For artificial intelligence to get any smarter, it needs first to be as intelligent as one of the simplest creatures in the animal kingdom: the sea slug.
Researchers have found that a material can mimic the sea slug’s most essential intelligence features. The discovery is a step toward building hardware that could help make AI more efficient and reliable for technology ranging from self-driving cars and surgical robots to social media algorithms.
“Through studying sea slugs, neuroscientists discovered the hallmarks of intelligence that are fundamental to any organism’s survival,” says Shriram Ramanathan, a professor of materials engineering at Purdue University. “We want to take advantage of that mature intelligence in animals to accelerate the development of AI.”
Two main signs of intelligence that neuroscientists have learned from sea slugs are habituation and sensitization. Habituation is getting used to a stimulus over time, such as tuning out noises when driving the same route to work every day.
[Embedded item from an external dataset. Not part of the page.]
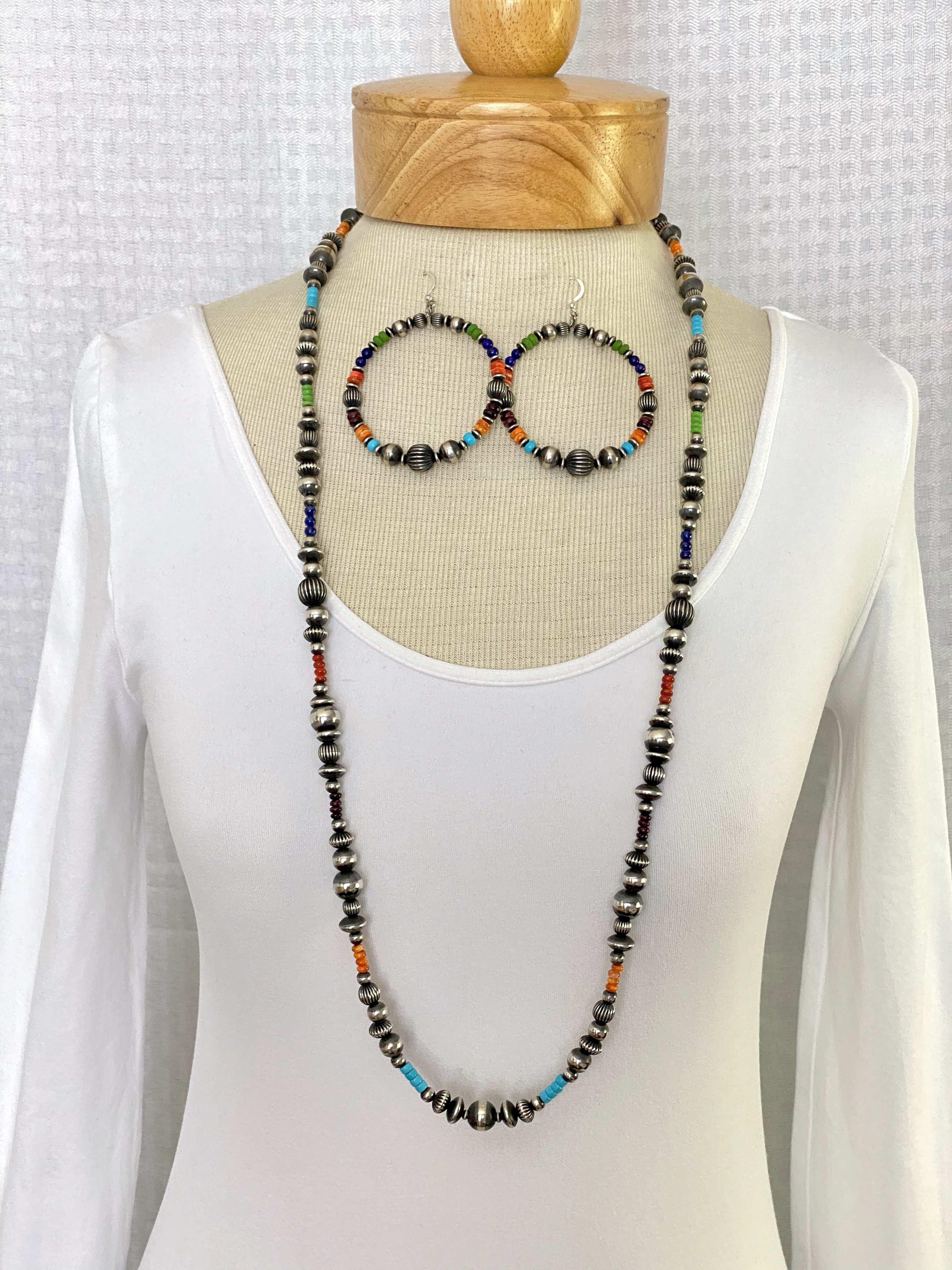 Silver bead gemstone necklace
Sensitization is the opposite—it’s reacting strongly to a new stimulus, like avoiding bad food from a restaurant.
AI has a really hard time learning and storing new information without overwriting information it has already learned and stored, a problem that researchers studying brain-inspired computing call the “stability-plasticity dilemma.”
Habituation would allow AI to “forget” unneeded information (achieving more stability) while sensitization could help with retaining new and important information (enabling plasticity).
Sea slug stimulus
In the current study, published in the Proceedings of the National Academy of Sciences, researchers found a way to demonstrate both habituation and sensitization in nickel oxide, a quantum material. The material is called “quantum” because its properties can’t be explained by classical physics.
If a quantum material could reliably mimic these forms of learning, then it may be possible to build AI directly into hardware. And if AI could operate both through hardware and software, it might be able to perform more complex tasks using less energy.
“We basically emulated experiments done on sea slugs in quantum materials toward understanding how these materials can be of interest for AI,” Ramanathan says.
Neuroscience studies have shown that the sea slug demonstrates habituation when it stops withdrawing its gill as much in response to being tapped on the siphon. But an electric shock to its tail causes its gill to withdraw much more dramatically, showing sensitization.
For nickel oxide, the equivalent of a “gill withdrawal” is an increased change in electrical resistance. The researchers found that repeatedly exposing the material to hydrogen gas causes nickel oxide’s change in electrical resistance to decrease over time, but introducing a new stimulus like ozone greatly increases the change in electrical resistance.
More efficient AI
Inspired by these findings, a research group under Kaushik Roy, professor of electrical and computer engineering, modeled nickel oxide’s behavior and built an algorithm that successfully used these habituation and sensitization strategies to categorize data points into clusters.
“The stability-plasticity dilemma is not solved at all. But we’ve shown a way to address it based on behavior we’ve observed in a quantum material,” Roy says. “If we could turn a material that learns like this into hardware in the future, then AI could perform tasks much more efficiently.”
For practical use of quantum materials as AI hardware, researchers will need to figure out how to apply habituation and sensitization in large-scale systems. They also would have to determine how a material could respond to stimuli while integrated into a computer chip.
This study is a starting place for guiding those next steps, the researchers say. In addition to the experiments performed at Purdue, a team at Rutgers University performed detailed theory calculations to understand what was happening within nickel oxide at a microscopic level to mimic the sea slug’s intelligence features.
Argonne National Laboratory characterized the nickel oxide sample’s properties and the University of Georgia measured conductivity to further analyze the material’s behavior.
The work received funding from the National Science Foundation, the Air Force Office of Scientific Research, the Army Research Office, the Office of Naval Research, and the Center for Brain Inspired Computing. The research used the resources of the Advanced Photon Source, a US Department of Energy Office of Science User Facility operated for the DOE Office of Science by Argonne National Laboratory.